There are two possibilities for the “new” stretch of State Route 126: Franklin Drive and the Blountville Bypass. The “preferred route” by designers at this point in the process is Franklin Drive. They cite several reasons for it being the best choice, including it already leads to a direct merger with current State Route 126 west of the historic district, it already has a traffic signal at its intersection with State Route 394, and it is the least expensive to get up to standard to serve as a state route.
But some area residents questioned how the road could handle the additional traffic. Others wanted to know if “Main Street” becomes one-way eastbound, would or could Franklin Drive — if it is designated State Route 126 — become one-way westbound. County officials said that is a possibility if that’s what the community wants.

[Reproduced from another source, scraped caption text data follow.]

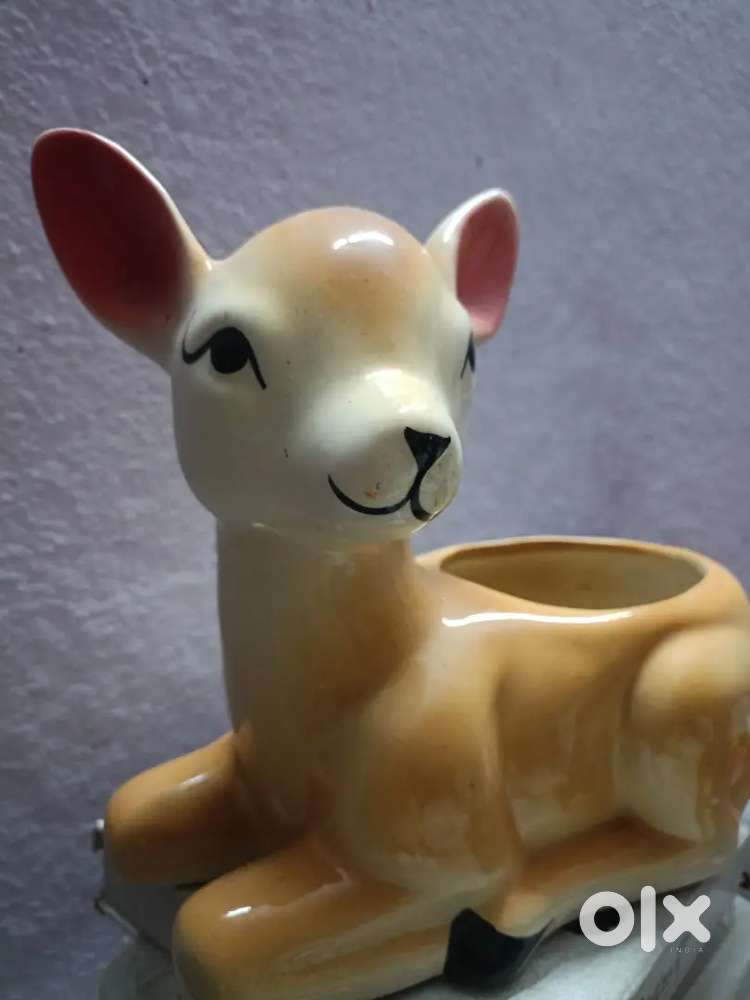 Cutest decorative item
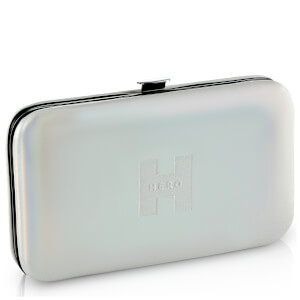 Hero Cosmetics The Sidekick Case (Free Gift) Hero Cosmetics The Sidekick Case (Free Gift)
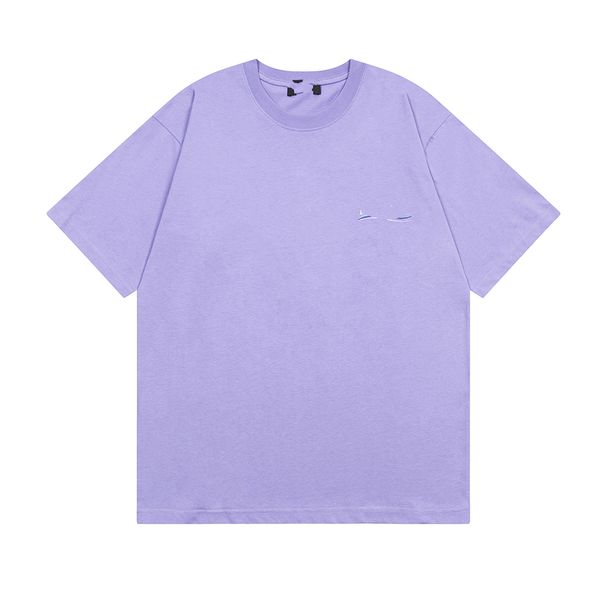 men's t-shirts fashion t-shirt 2023 balencaigaity new cotton soft anti-wrinkle retro decorative printing letters casual student loversl, White;black
men's t-shirts fashion t-shirt 2023 balencaigaity new cotton soft anti-wrinkle retro decorative printing letters casual student loversl, White;black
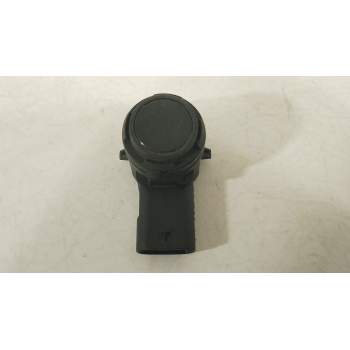 SENSOR DE APARCAMIENTO 5WA919275 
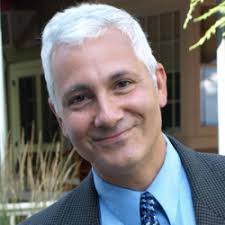 New hires across Maine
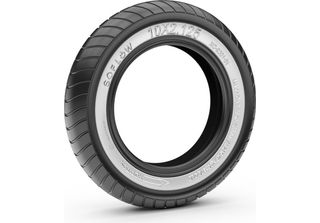 Pneumatici Soflow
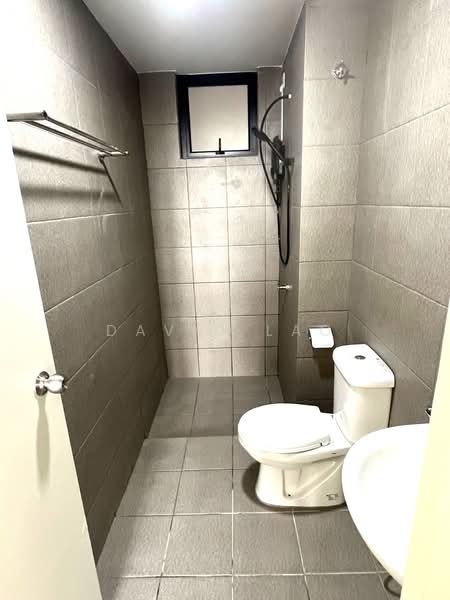 Residensi Max untuk Untuk Disewa - RM 1,600 /bulan, Mac 2026 - Bathroom - PropertyGuru.com.my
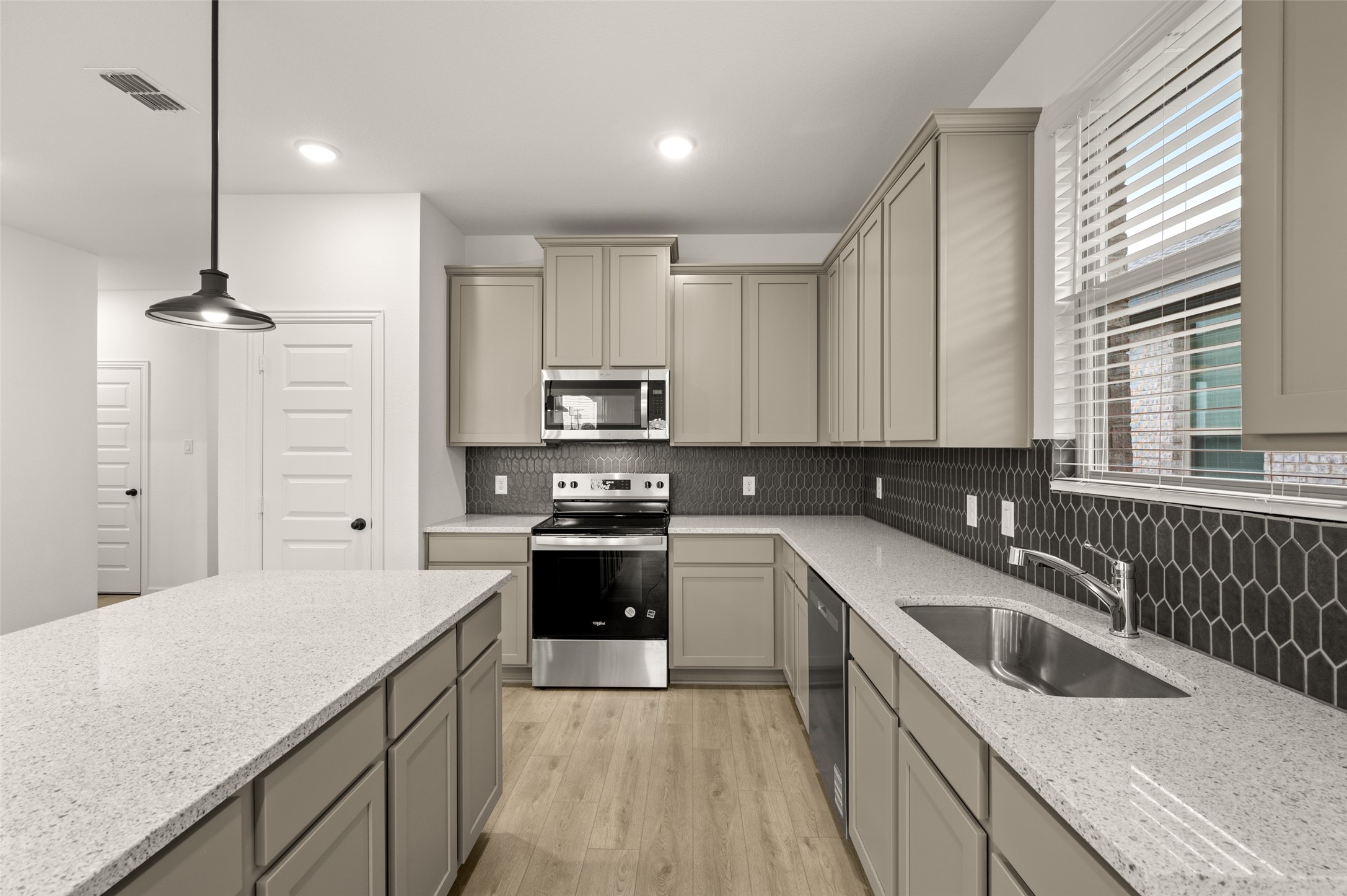 3133 Manchester , Cleburne, TX, 76031 | 20910764 | Realty Texas LLC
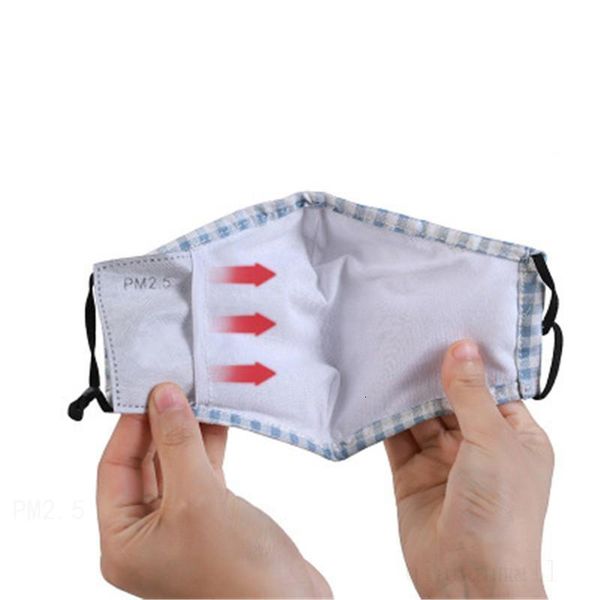 

рм2,5 одноразовые 3-х слоев фильтр маски одноразовой маска pad маски прокладка вкладыши замена туман пыль капельки safe1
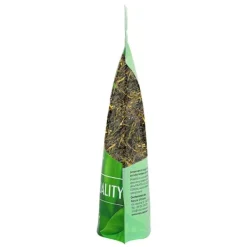 Natura d'Oriente Tè Verde Rukeri Op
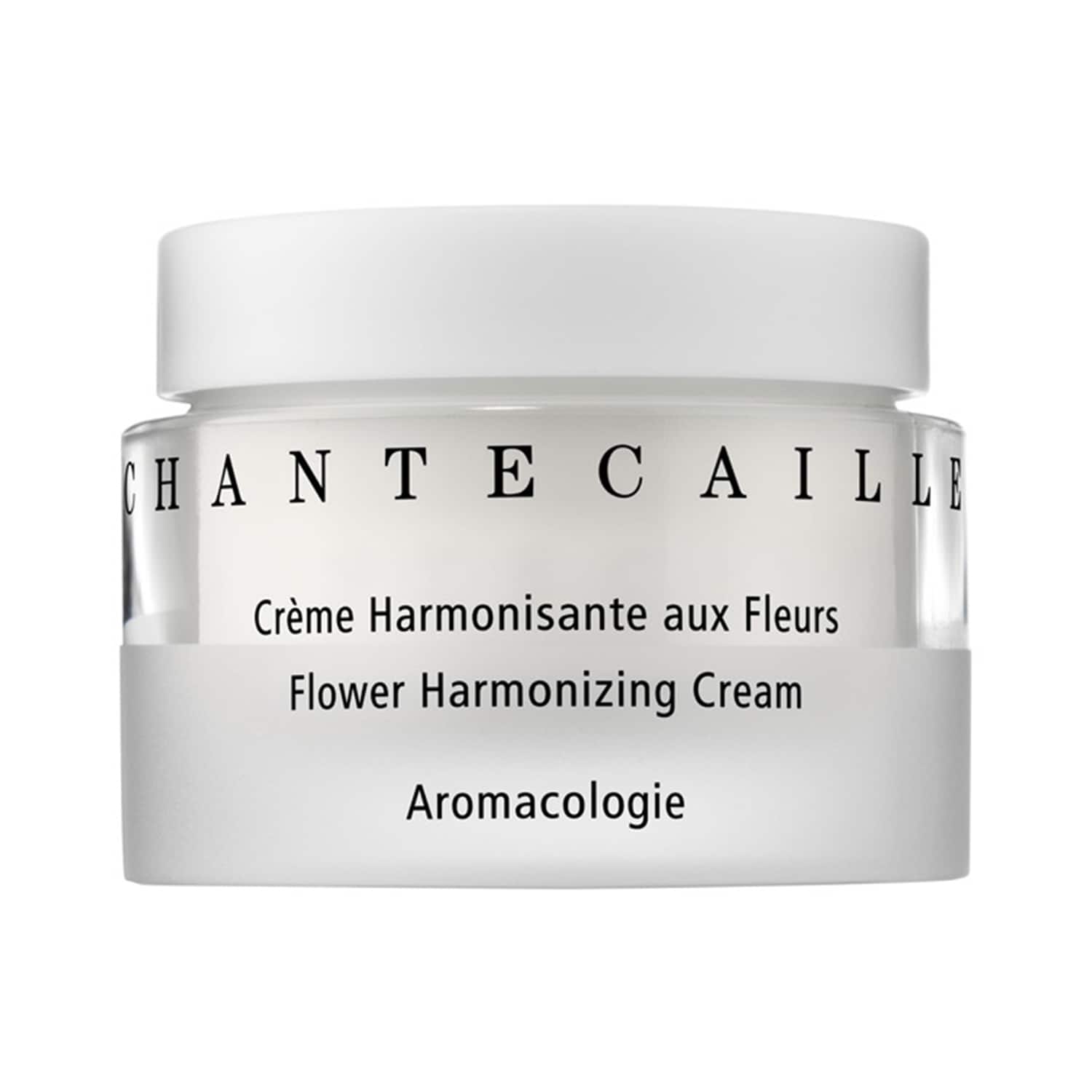 CHANTECAILLE | CHANTECAILLE Flower Harmonizing Cream (50 ml)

Another major component of the plan is construction of a roundabout to replace the current traffic signal at the intersection of State Route 126, Blountville Boulevard, and the Blountville Bypass. The traffic circle would serve as the eastern end of the one-way section of “Main Street” and provide a way to divert westbound traffic to either Franlkin Drive (to continue toward State Route 126 and Highway 75) or the Blountville Bypass (to go toward Interstate 81 and Highway 11-W). A new connector road from the roundabout to Franklin Drive would take a portion of the parking lot of the Sullivan County Office Building.
The county’s planning office sent out 75 letters to residents and business owners in the immediate area of the proposed changes to announce the session on Friday.
Some attendees lived farther away but heard about the meeting and came to join the conversation. One of the questions was why the larger community was not notified, and some said the crowd would have been larger but most people have to work during the day.
County Mayor Richard Venable said he will likely plan another session and schedule it in the evening. Planning Director Ambre Torbett said the gathering of public input will continue throughout the summer. And both stressed the design is still in its early conceptual stages.
The issue isn’t new. The Times News published an article about the proposed changes in February 2017.
Torbett initiated the grant process in 2015, and the Tennessee Department of Transportation awarded the $1 million 80/20 grant to the county in 2016. The grant specifically is meant to address pedestrian and bike-friendly access, thus the focus on sidewalks and bike lanes. To add sidewalks to one side of “Main Street,” which has historic structures on both sides often within feet of current pavement, will take up room and right of way. That’s one reason for making the section of roadway one way.
Venable said the work will help make the historic district easier for visitors to navigate on foot, and that hopefully will encourage them to stay longer and see more — and eventually could boost commerce.
The work also will add several crosswalks. Venable has long sought one near the courthouse because there is so much foot traffic throughout the day between the courthouse and the bank across the street.
Sally Blackburn doesn’t live in town, but said she visits the post office — on Franklin Drive — daily and she is opposed to all the proposed changes.
Blackburn said Franklin Drive is heavily trafficked already and she often has to sit in line just to get in the post office parking lot. Blackburn said the county needs to stop thinking it’s going to grow Blountville into any kind of tourist destination and leave that to Jonesborough.
Venable said the main goal of this project is to improve safety and the quality of life for residents of and visitors to the Blountville Historic District.